高校生の娘は生理期間中が毎月つらそうで頭痛やめまいもあるようです。普段からなにかできることはあるでしょうか。(年末年始に食べすぎて胃もたれした40代主婦)
答える人 プレマ株式会社 お客様コンサルティングセクション 岸江 治次
日々の食生活を見直すことが予防につながる
「貧血」というと、「血が足りなくなる」「血が薄くなる」といった状態を思い浮かべる方が多いでしょう。しかし厳密にいうと少し違い、貧血とは、血液中の赤血球が体の末端まで十分な酸素を運ばない状態で、これにより体調不良が引き起こされることをいいます。
血液は血漿と白血球、血小板、赤血球に分類されます。白血球は体内に侵入した病原体などの異物を攻撃し排除する免疫の役割、血小板は血を凝固する役割、赤血球は酸素を運ぶ役割を担っています。体は、空気中の酸素を肺から取り入れ、酸素が体中に運ばれることで健康を保っています。血液中の赤血球の中にある「ヘモグロビン」に含まれる鉄が酸素分子と結合することで酸素が運ばれるというメカニズムです。鉄は赤血球の生成と機能にも重要な役割を果たすため、酸素を運ぶには鉄が必須であり、鉄が不足すると貧血になります。
体内には3~4gの鉄があり、そのうち70%程度が機能鉄として主に酸素を運ぶ役割を担い、残りの30%は貯蔵鉄として肝臓、脾臓、骨髄などに蓄えられ、機能鉄が不足した際に使われます。貧血は、造血細胞の異常といった病気に起因することもありますが、主な原因は赤血球の不足です。貧血になると、頭痛、目まい、耳鳴り、疲労感、脱力感、顔色の悪化や爪の変形、狭心症などの症状が現れます。鉄が大きく不足する原因としては子宮筋腫など体内での炎症による出血や女性の月経などが挙げられます。病的に貧血と診断されると鉄剤が処方されますが、鉄剤を摂取してもすぐに鉄が補給されるわけではなく、多くの場合に副作用が伴うなど課題も多いです。さらに、病的な要因がなくても鉄は代謝によって毎日1g程度は体内から失われるうえに体内では生成できないので、食事から日々摂取する必要があります。
1日の鉄の推奨摂取量は、男性は1日7.5mg、女性は10mg、月経が始まる10歳~12歳は12mg以上です。平均的な食事をした場合、1日に20mgくらいの鉄分が摂れるとされますが、すべてを吸収できるわけではありません。動物性食品では肉、魚、卵などが鉄分(ヘム鉄)を多く含み、吸収率が高いといわれています。植物性食品では海藻、大豆などが良い鉄分源ですが、植物性の鉄分(非ヘム鉄)は吸収が劣ります。吸収率を上げるにはビタミンCやクエン酸をいっしょに摂取するのが有効です。
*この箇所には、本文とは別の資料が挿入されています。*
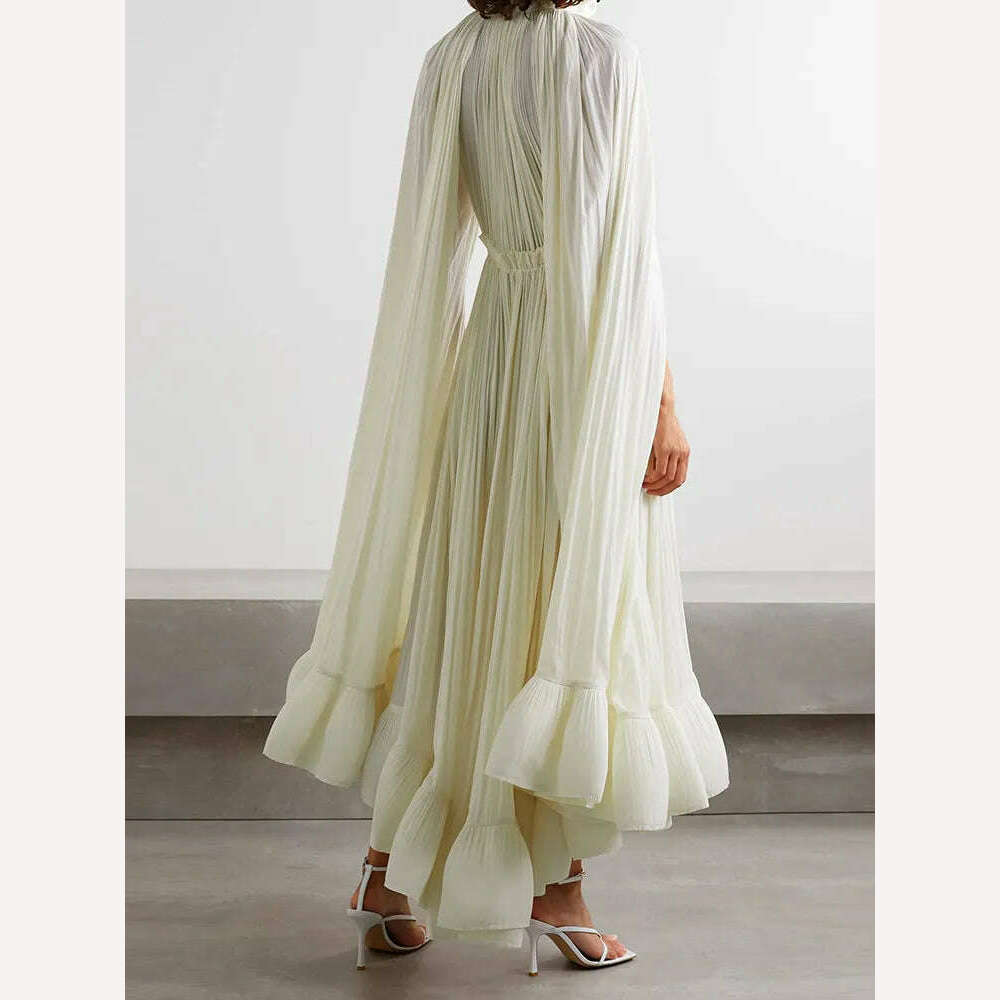 VGH Ruffles Irregular Solid Dresses For Women V Neck Cloak Sleeves High Waist Spliced Lace Up Loose Folds Dress Female Summer - KIMLUD
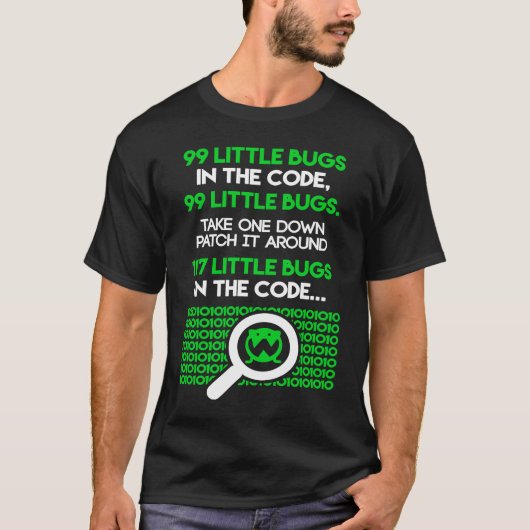 99コードことわざコードCoder ITにおけるおもしろいバグの少しP Tシャツ (正面)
昔は海藻や大豆などをバランスよく食べる習慣があり、自然と鉄分が摂れていましたが、現代は食生活が欧米化したことで鉄分不足になりがちです。また、昔はひじきを鉄釜で炊くことで鉄分がより豊富に含まれていたのが、最近ではステンレスや表面が加工された鍋を使うようになって鉄分が減少するなど、料理の際の鉄鍋の使用減少も鉄分不足の一因とされています。
日本では食事による鉄分不足の要因がさまざまあるものの、政府による貧血対策があまりおこなわれていないのが現状です。ゆえに個々人が自己管理をする必要があります。貧血予防の鍵は、意識的に鉄分を摂取すること。鉄分が多い食品を吸収率も意識してバランスよく食べるようにしましょう。また、急激に体が冷えると毛細血管が切れて出血して貧血を起こすこともあります。身体を冷やすといわれている食品の食べすぎにも気をつけましょう。